# [Your assignment]
Would you return the listing exactly as written, apart from its pictures?
Supplied material below:
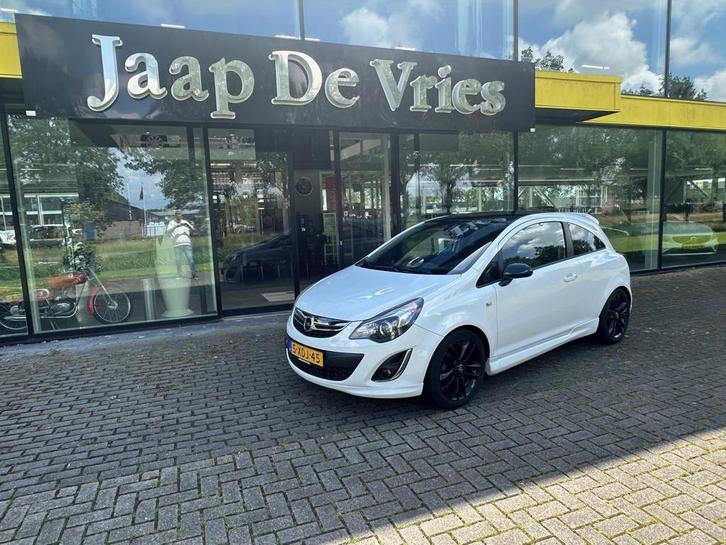 Opel Corsa 1.4-16V Color OPC line, Auto's, Opel, Bedrijf, Te koop, Corsa, ABS, Airbags, Airconditioning, Alarm, Bochtverlichting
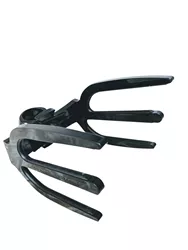 Replacement Roswell Marine Wakeboard Tower Rack - Includes Krypt Quick Release adaptor that fits diamond screw hole pattern on Roswell OEM Rotating Tower Rack Mounts.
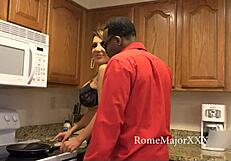 Richelle Ryans fat butt bbc stud rome major pussy creampies her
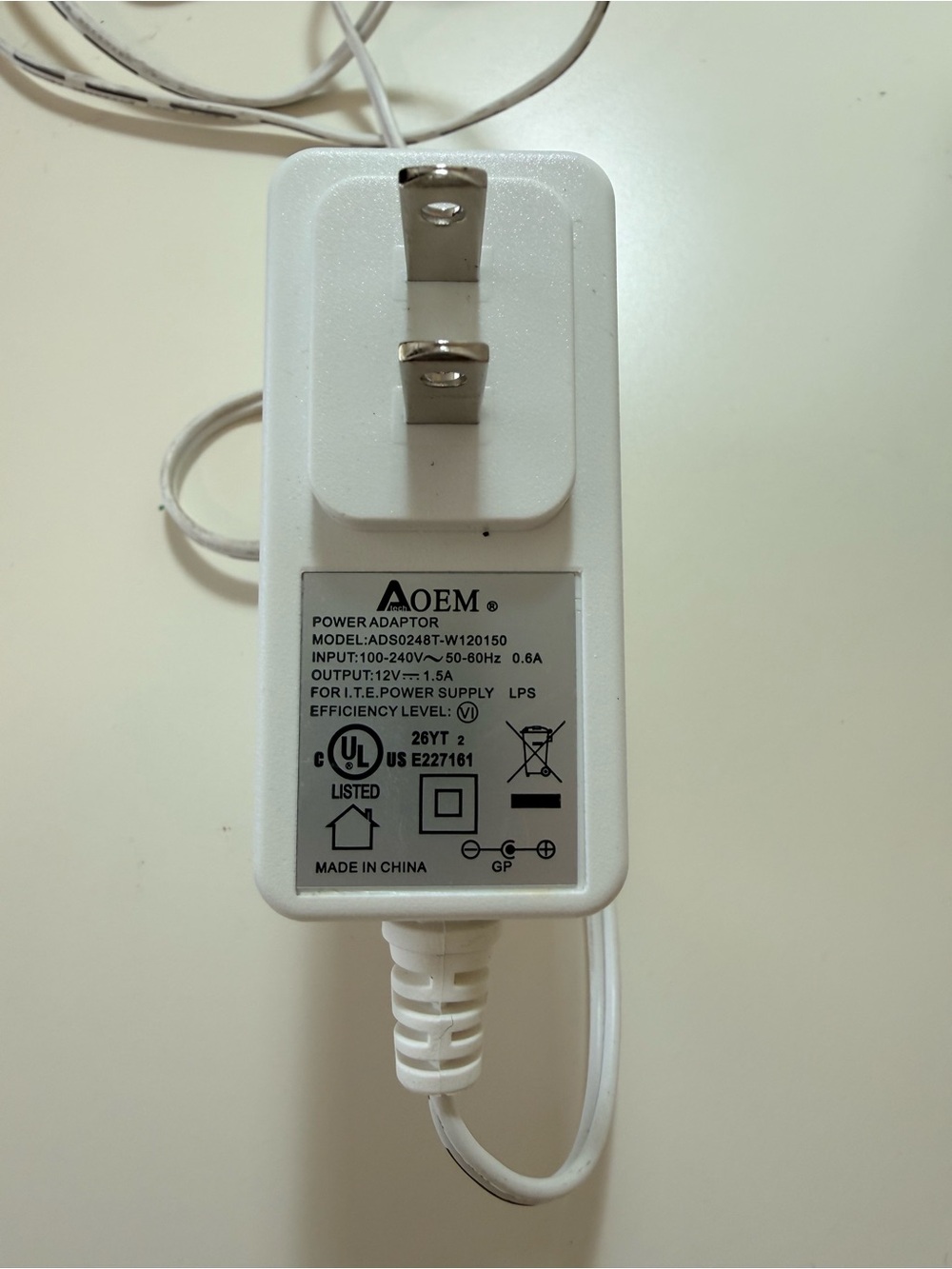 Alarm.com ADC-SVR122 Stream Video Recorder Alarm Camera 1TB Storage & Power Cord - Picture 6 of 6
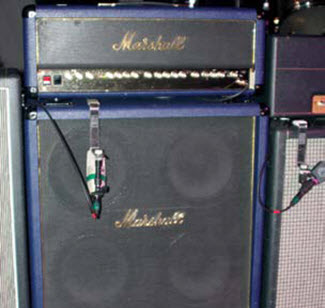 Joe Satriani's 1992 Marshall 6100 30th Anniversary Amp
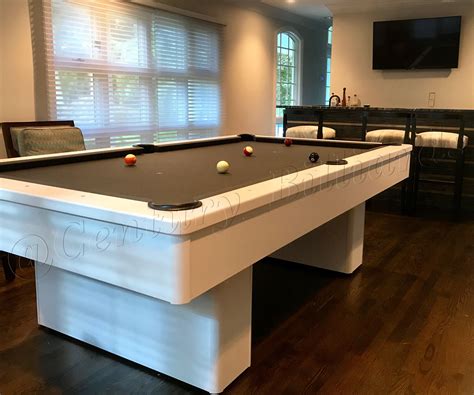 Custom Pool Tables | Custom pool tables, Modern pool table, Modern pools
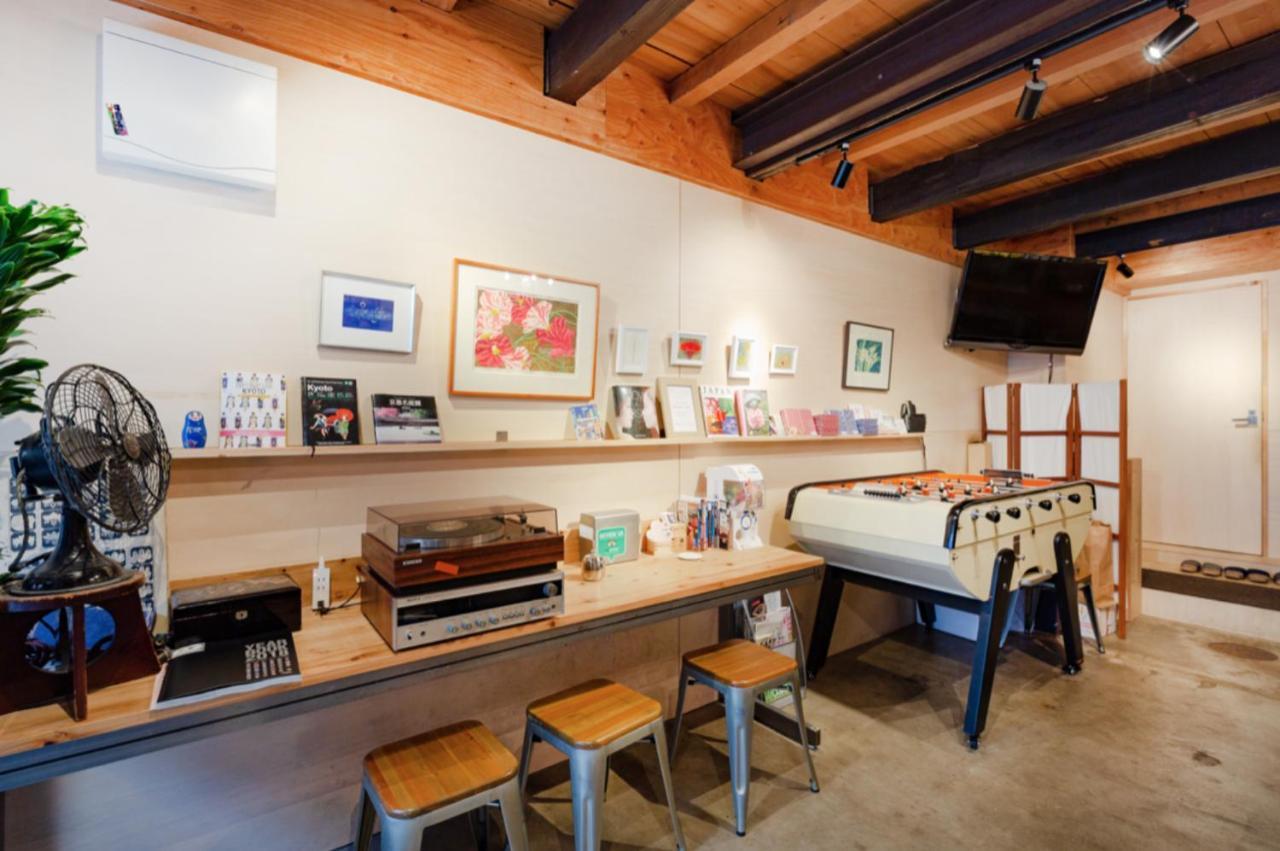 Imaya Hostel Kyoto Bagian luar foto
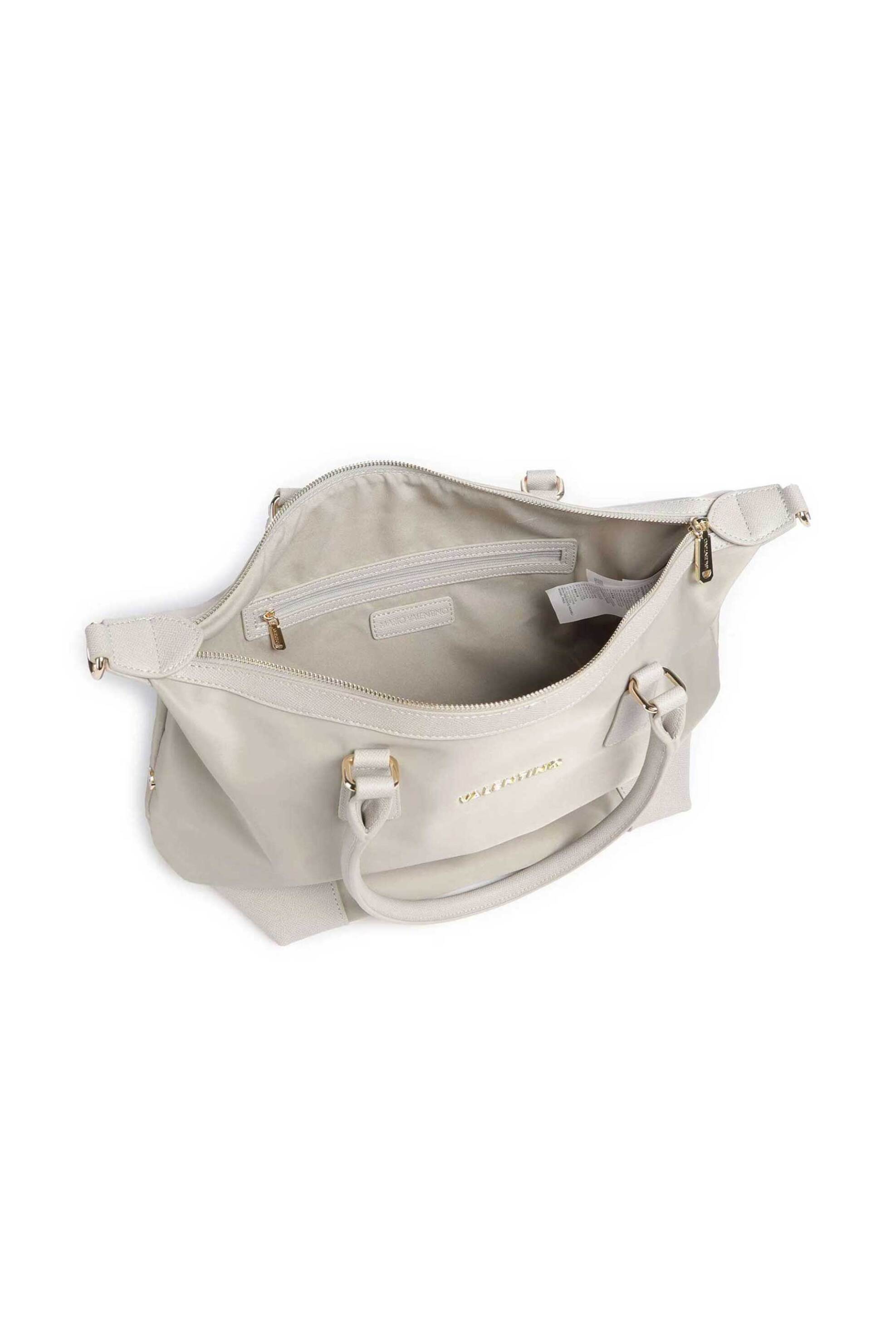 Valentino Γυναικεία Τσάντα Ώμου Jolly - 74Lvbsa9T01 Jol Γκρι Ανοιχτό
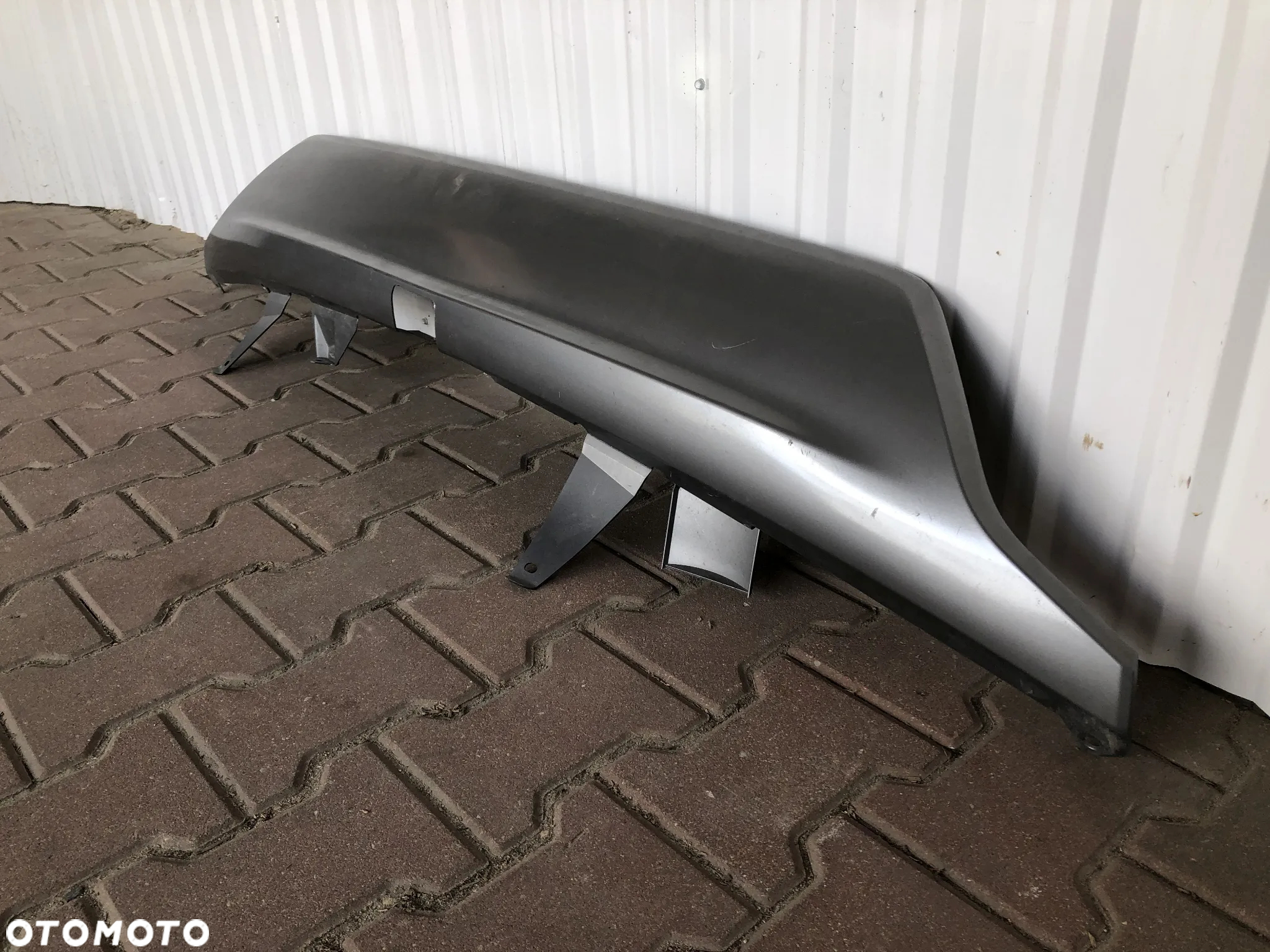 TOYOTA HIGHLANDER 2019- ZDERZAK Tył dokładka spoiler hokej DYFUZOR TYLNY HAK - 3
End of Supplied material.
# [Answer space]
 Opel Corsa 1.4-16V Color OPC line, Auto's, Opel, Bedrijf, Te koop, Corsa, ABS, Airbags, Airconditioning, Alarm, Bochtverlichting
 Replacement Roswell Marine Wakeboard Tower Rack - Includes Krypt Quick Release adaptor that fits diamond screw hole pattern on Roswell OEM Rotating Tower Rack Mounts.
 Richelle Ryans fat butt bbc stud rome major pussy creampies her
 Alarm.com ADC-SVR122 Stream Video Recorder Alarm Camera 1TB Storage & Power Cord - Picture 6 of 6
 Joe Satriani's 1992 Marshall 6100 30th Anniversary Amp
 Custom Pool Tables | Custom pool tables, Modern pool table, Modern pools
 Imaya Hostel Kyoto Bagian luar foto
 Valentino Γυναικεία Τσάντα Ώμου Jolly - 74Lvbsa9T01 Jol Γκρι Ανοιχτό
 TOYOTA HIGHLANDER 2019- ZDERZAK Tył dokładka spoiler hokej DYFUZOR TYLNY HAK - 3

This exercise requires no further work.